What you need to do: Look through the entries below for the line with "un gros plan" and the line with "Paar Holding Kiste", then give again exactly those two lines and all lines between them, minus the pictures.
### Data for review ###
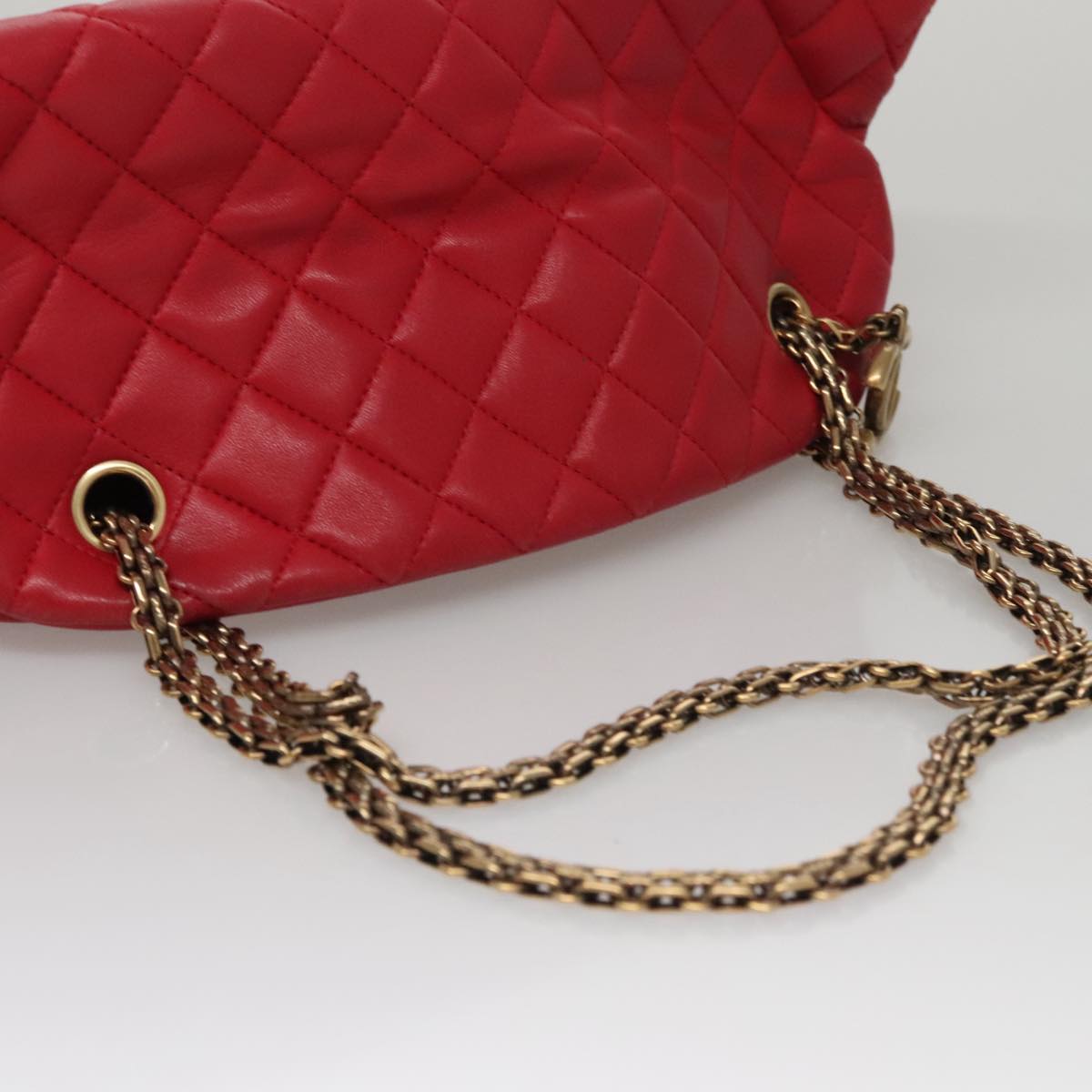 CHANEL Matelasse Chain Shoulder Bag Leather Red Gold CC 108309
###
### Data for review ###
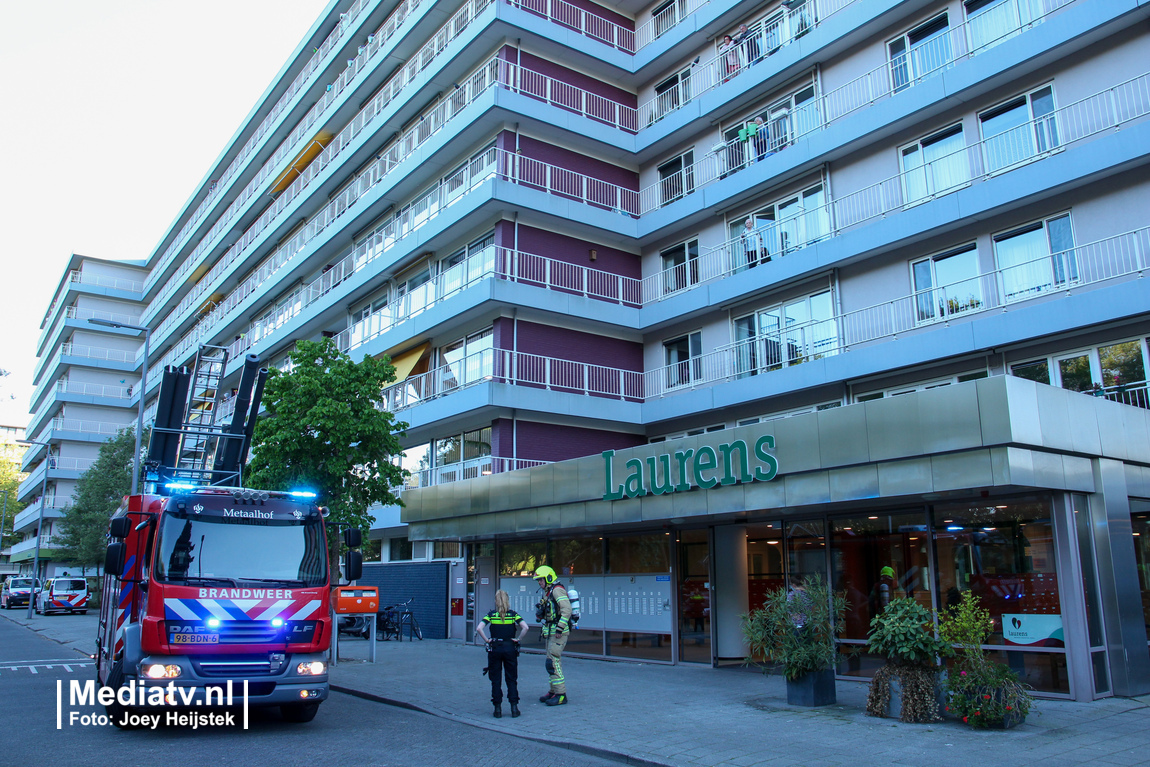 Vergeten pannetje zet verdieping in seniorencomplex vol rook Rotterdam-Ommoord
###
### Data for review ###
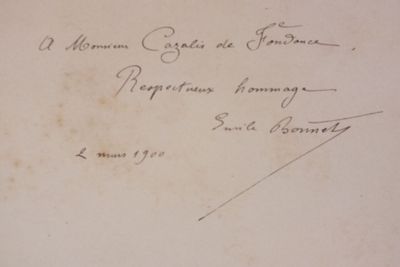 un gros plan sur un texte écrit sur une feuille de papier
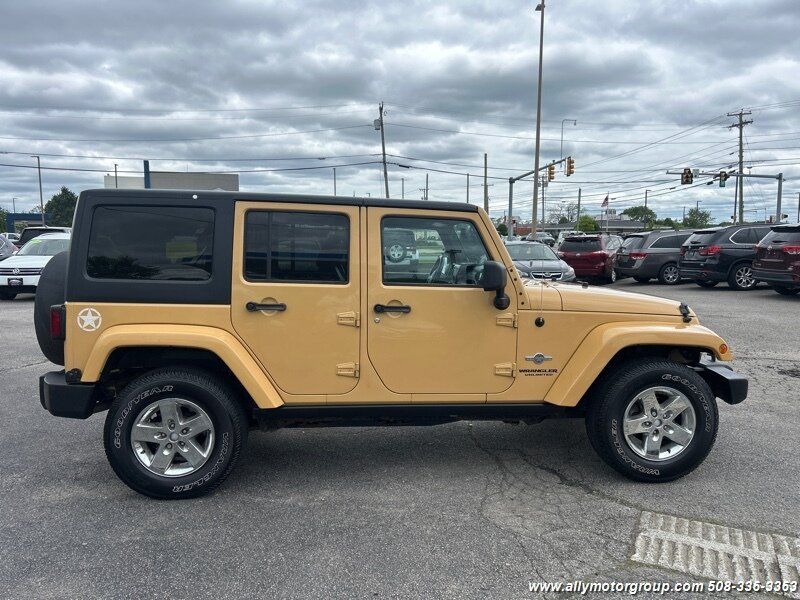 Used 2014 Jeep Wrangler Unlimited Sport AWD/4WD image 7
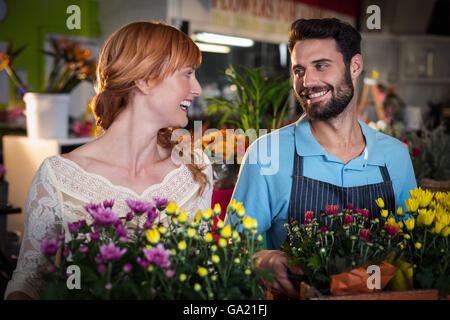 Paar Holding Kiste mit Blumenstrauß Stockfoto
###
Answer area:
 un gros plan sur un texte écrit sur une feuille de papier
 Used 2014 Jeep Wrangler Unlimited Sport AWD/4WD image 7
 Paar Holding Kiste mit Blumenstrauß Stockfoto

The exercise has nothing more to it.